THE fossil of a ‘Loch Ness monster’ has been discovered on the Lyme Regis coast.

Hundreds of miles away from its usual home in the Scottish lakes, the fossil of a four-metre plesiosaur has been unearthed on Monmouth Beach.

The extinct marine reptile lived in Dorset’s Jurassic seas around 150 to 200 million years ago, although in popular culture it has been likened to ‘lake monsters’, including the Loch Ness monster.

Local fossil collector Tracey Barkley discovered a number of bones from the creature in the ammonite pavement within the Axmouth to Lyme Regis Undercliffs National Nature Reserve (NNR).

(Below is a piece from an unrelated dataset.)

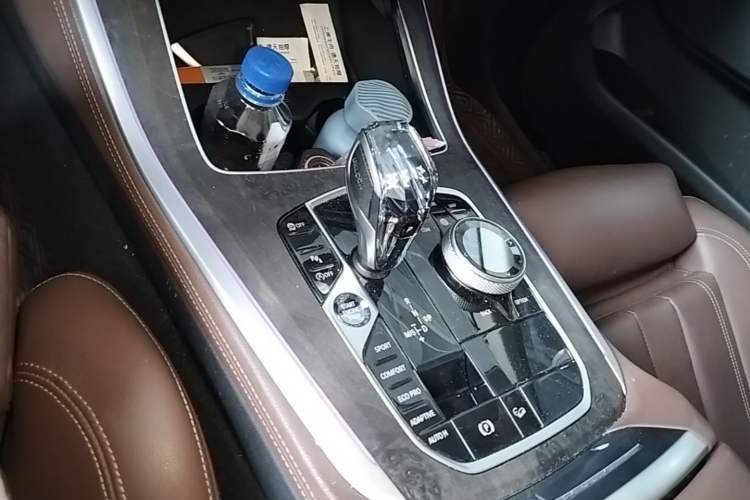 Used BMW X5 2020 xDrive30i M Sport Package Gear Lever
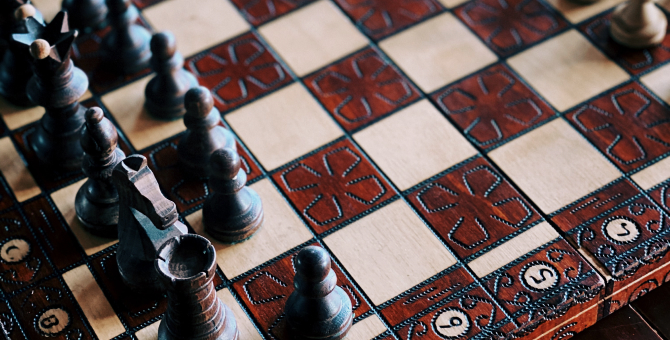 Онлайн появилась самая старая книга о шахматах — она была издана в Италии в XVI веке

Richard Edmonds, science manager with the World Heritage Site Team, said: “They are very rare. There are only 10 or 12 known examples of complete or even partial skeletons of this species. I have been doing this for 30-odd years and I have only ever found the odd bone or two.”

The remains of the elusive reptile were extracted and Charmouth fossil expert Chris Moore is now preparing the specimen for display.

Mr Edmonds said: “From what has been done so far we can already see it has actually been chewed up a bit. Some of the back bones are completely in place where they should be and some are missing.

“There are teeth marks and you can see how the skeleton has been torn apart by some other nasty marine reptile.”

But the decision to remove the fossil plesiosaur from the ammonite pavement was not an easy one. “The specimen could not have been in a more sensitive location, in the famous and iconic ammonite pavement, and there was a risk that we could damage the pavement by the act of removing the fossil,” said Mr Edmonds.

Because of the potential scientific importance of the fossil, it was decided the specimen would be extracted. If left in place, it could potentially have been destroyed by novice collectors or eventually washed away and eroded by the sea.

Tom Sunderland of Natural England, who manage the NNR, said: “There are restrictions on collecting fossils in the NNR, particularly the removal and sale of specimens but we need to work with collectors and the general public in order to strike the right balance and ensure scientifically important fossils are not lost.”

Mr Edmonds said this latest find would not have been possible without the help of local fossil hunters.